(DESCRIPTION OF THE TASK):
Count each line below that has "concept" anywhere in it. Answer with the total alone.

(EXERCISE INPUTS):
┄┄┄┄┄┄┄┄┄┄┄┄┄┄┄┄┄┄┄┄
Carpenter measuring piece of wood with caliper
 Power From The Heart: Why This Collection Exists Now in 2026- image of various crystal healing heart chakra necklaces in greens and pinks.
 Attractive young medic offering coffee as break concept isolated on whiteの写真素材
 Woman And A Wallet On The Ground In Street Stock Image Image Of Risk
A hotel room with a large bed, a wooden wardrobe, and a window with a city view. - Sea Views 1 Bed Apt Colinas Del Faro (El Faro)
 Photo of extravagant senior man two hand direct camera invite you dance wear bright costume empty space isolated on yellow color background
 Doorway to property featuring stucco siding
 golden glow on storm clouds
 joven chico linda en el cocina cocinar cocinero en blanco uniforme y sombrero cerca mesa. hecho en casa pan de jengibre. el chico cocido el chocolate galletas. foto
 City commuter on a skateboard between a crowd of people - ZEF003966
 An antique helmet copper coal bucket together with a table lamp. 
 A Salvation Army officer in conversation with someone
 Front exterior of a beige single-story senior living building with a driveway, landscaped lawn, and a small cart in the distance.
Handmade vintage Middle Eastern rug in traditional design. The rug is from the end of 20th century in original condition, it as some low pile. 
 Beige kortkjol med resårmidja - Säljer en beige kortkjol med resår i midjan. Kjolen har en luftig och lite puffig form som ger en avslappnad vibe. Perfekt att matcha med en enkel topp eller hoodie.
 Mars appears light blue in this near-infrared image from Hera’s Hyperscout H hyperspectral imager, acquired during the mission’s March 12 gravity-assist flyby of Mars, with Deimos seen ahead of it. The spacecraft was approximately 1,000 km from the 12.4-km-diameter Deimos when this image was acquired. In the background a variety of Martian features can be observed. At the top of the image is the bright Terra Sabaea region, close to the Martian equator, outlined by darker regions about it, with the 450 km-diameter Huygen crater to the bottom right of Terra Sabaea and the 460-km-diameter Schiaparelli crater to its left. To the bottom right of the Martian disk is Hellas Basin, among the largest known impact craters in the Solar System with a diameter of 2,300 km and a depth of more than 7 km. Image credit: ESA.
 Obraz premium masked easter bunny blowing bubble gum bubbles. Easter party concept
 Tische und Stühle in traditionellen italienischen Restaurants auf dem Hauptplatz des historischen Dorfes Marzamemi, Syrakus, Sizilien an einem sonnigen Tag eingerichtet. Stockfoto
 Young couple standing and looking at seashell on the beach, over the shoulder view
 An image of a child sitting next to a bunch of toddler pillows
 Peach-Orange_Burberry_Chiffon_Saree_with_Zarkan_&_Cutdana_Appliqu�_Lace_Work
┄┄┄┄┄┄┄┄┄┄┄┄┄┄┄┄┄┄┄┄
(RESULT BELOW):
2